Une manifestation contre le confinement tenue à Pittsburgh en Pennsylvanie, le 20 avril dernier   
Une manifestation contre le confinement tenue à Pittsburgh en Pennsylvanie, le 20 avril dernier   

Les protestations contre le confinement font ressortir l’individualisme occidental

Les photos ont circulé dans les médias sociaux toute la semaine.

Un homme à Pittsburgh, arborant un masque représentant le visage de George Washington et tenant entre ses mains ce qui semblait être une arme semi-automatique. Une femme à Denver, jetant un regard circonspect à travers la vitrine de sa voiture au moment où un travailleur de santé de première ligne tente de lui bloquer la route.

Les protestations contre les ordonnances de confinement qui peuvent freiner la propagation de la COVID-19 s’enchaînent à un rythme presque quotidien aux États-Unis, avec un certain débordement au Canada.

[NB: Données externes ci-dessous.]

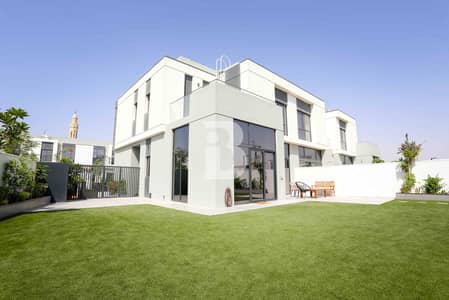 4 Bedroom Townhouse for Sale in Al Furjan, Dubai - Upgraded I Internal | Investor opportunity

Une manifestation tenue à Toronto, samedi, a poussé le premier ministre Doug Ford à qualifier les participants de «bande de rustres». Un regroupement semblable contre les restrictions liées au coronavirus avait eu lieu à Vancouver quelques jours plus tôt.

Bien qu’une majorité d’Américains et de Canadiens semblent adhérer aux mesures de confinement, des experts en sociologie, en sciences politiques et en histoire ne sont pas étonnés de cette récente hausse des manifestations.

Alison Meek, professeure associée d’histoire américaine à l’Université Western à London, en Ontario, est d’avis que les États-Unis en particulier - un pays «né d’une rébellion» - ont toujours eu des réticences à donner trop de pouvoir au gouvernement fédéral.

«Dans tout ça, je vois très bien l’esprit individualiste des Américains, et ça remonte jusqu’à la fondation du pays», affirme Mme Meek.

«Ils n’écouteront pas le gouvernement fédéral. Ils ne croient pas en cette autorité.»

Bien que les manifestations publiques n’aient rien de nouveau aux États-Unis, Mme Meek pense que d’autres aspects motivent ces protestations liées à la pandémie, incluant des facteurs économiques et «une véritable composante antiscience, anti-experts».

«Tous les experts disent qu’il faut pratiquer la distanciation sociale, aplanir la courbe. Mais chez beaucoup d’Américains, on perçoit cette attitude du genre «vous ne pouvez pas nous dire quoi faire», estime-t-elle. Ils vont suivre leur propre instinct. Ils vont écouter ce qui se dit sur Facebook ou Twitter, ou quelque média social qu’ils suivent.»

Les groupes de manifestants aux États-Unis et au Canada ont été relativement restreints. Environ 100 personnes ont pris part à la manifestation tenue à Toronto au cours du week-end, et selon une porte-parole des autorités policières, la foule a respecté la distanciation sociale après que la demande en a été faite.

Max Cameron, un professeur de sciences politiques à l’Université de la Colombie-Britannique à Vancouver, dit avoir été «sidéré» par certaines des images qu’il a vues des protestations, surtout aux États-Unis.

Par ailleurs, ajoute-t-il, si les gens qui adhèrent à la distanciation sociale ont été dérangés par ces images, il est important de se rappeler qu’il n’est question que d’une minorité de gens.

Selon lui, le portrait global de la situation illustre davantage «les actions collectives sans précédent» mises en pratique pour limiter la propagation de la pandémie.

«Vous allez devoir remonter à une période de guerre pour retrouver une époque où on a demandé à autant de personnes de sacrifier autant pour le bien général, note-t-il. Heureusement, on ne nous demande pas d’aller à la guerre, seulement de demeurer à la maison. Et l’idée que des millions et des millions de gens font la même chose dans le but d’atteindre un but commun est une preuve de la capacité des bonnes démocraties d’obtenir des résultats.»